These are the key concepts you need to understand to accurately answer the question.

Horizontal Motion
Horizontal motion is an essential element of projectile motion, as it refers to the motion of an object in the horizontal direction, without any influence from vertical forces like gravity. In this exercise, the bullet's horizontal motion determines how long it travels before reaching the target. With a speed of 460 m/s and a target distance of 45.7 meters, we calculate its horizontal time of flight using the formula:
  • Time of flight: \( t = \frac{d}{v} \)
  • Where \(d\) is the distance (45.7 m) and \(v\) is the velocity (460 m/s)
This gives us the time it takes for the bullet to reach the target: approximately 0.09913 seconds. Understanding horizontal motion helps us figure out other aspects of projectile motion like vertical displacement.
Vertical Displacement
Vertical displacement involves understanding how much an object falls or ascends when moving upward or downward, respectively. In projectile motion, vertical displacement is influenced by gravity. Even though the bullet is initially fired horizontally, gravity pulls it downward as it moves towards the target.To calculate the vertical drop of the bullet, we employ the formula:
  • Vertical displacement \( h = \frac{1}{2}gt^2 \)
  • Where \(g\) is the gravitational acceleration (9.81 m/s²) and \(t\) is the time of flight (0.09913 s)

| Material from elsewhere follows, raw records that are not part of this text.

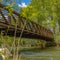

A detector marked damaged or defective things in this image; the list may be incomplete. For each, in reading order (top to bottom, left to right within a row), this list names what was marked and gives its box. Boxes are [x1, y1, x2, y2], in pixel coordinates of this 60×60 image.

rusty steel truss [0, 3, 53, 41] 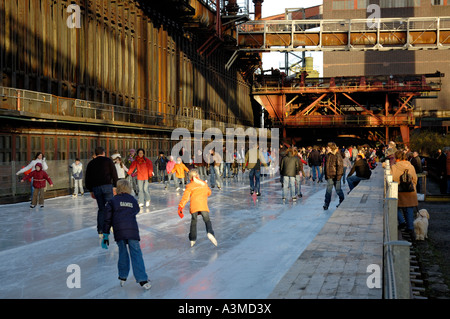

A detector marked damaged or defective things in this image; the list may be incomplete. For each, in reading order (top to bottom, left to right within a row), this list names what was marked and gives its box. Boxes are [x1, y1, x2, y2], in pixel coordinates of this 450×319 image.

rusty steel structure [253, 71, 442, 144] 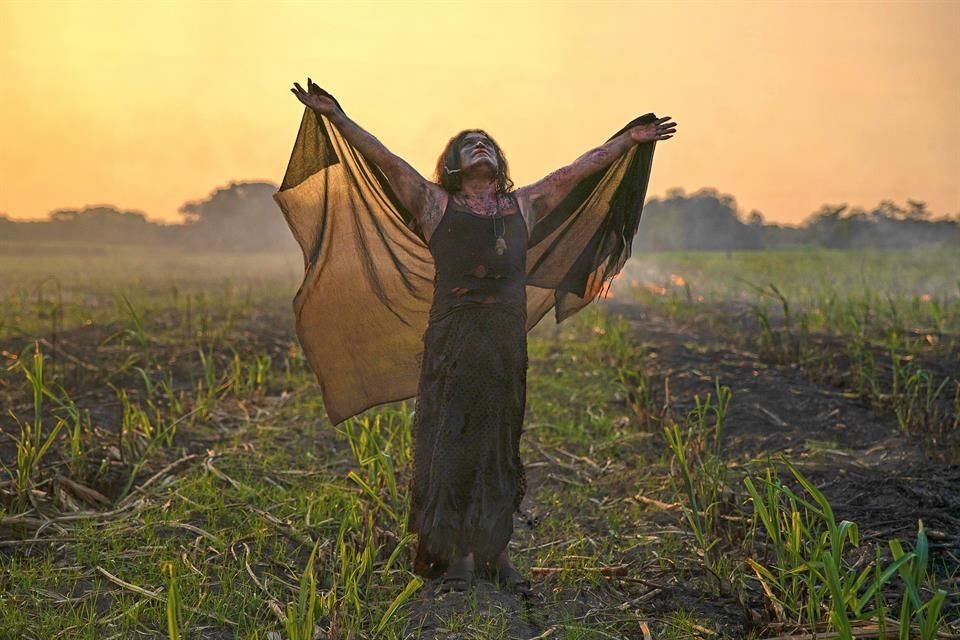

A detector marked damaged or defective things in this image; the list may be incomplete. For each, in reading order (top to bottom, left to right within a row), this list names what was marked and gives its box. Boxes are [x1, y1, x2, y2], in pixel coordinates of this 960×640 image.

tattered dark dress [274, 101, 656, 580]
tattered dark dress [410, 196, 528, 576]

Through this, we find the vertical displacement to be approximately 0.048 meters. This means that the bullet drops 0.048 meters while it travels horizontally to the target point.

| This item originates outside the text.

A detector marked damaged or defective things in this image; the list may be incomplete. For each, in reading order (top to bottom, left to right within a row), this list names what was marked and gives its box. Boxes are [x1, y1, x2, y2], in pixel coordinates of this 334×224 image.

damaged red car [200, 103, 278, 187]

Gravitational Acceleration
Gravitational acceleration is the constant force acting on objects pulling them towards the Earth's center. It is vital to know that regardless of the horizontal speed, gravity always affects vertical motion. In our calculations, we use the standard value of gravitational acceleration:
  • \( g = 9.81 \text{ m/s}^2 \)
This factor is critical when determining how far a projectile will drop during its flight. By applying this constant to the formula for vertical displacement \( h = \frac{1}{2}gt^2 \), we can precisely predict how the projectile behaves as it travels. Understanding gravitational acceleration helps us align our aim to ensure the bullet meets its intended path, compensating for the drop observed in flight.
Time of Flight
The time of flight refers to the duration a projectile remains in motion from its initial launch until it reaches its target. In this exercise, the time of flight for the bullet ensures that it has enough duration to traverse the 45.7-meter distance horizontally. Using the horizontal motion equation, we calculated the time of flight to be approximately 0.09913 seconds. Knowing the time of flight allows us to predict other factors of the projectile's path, like vertical displacement, since:
  • Vertical displacement directly depends on the time of flight.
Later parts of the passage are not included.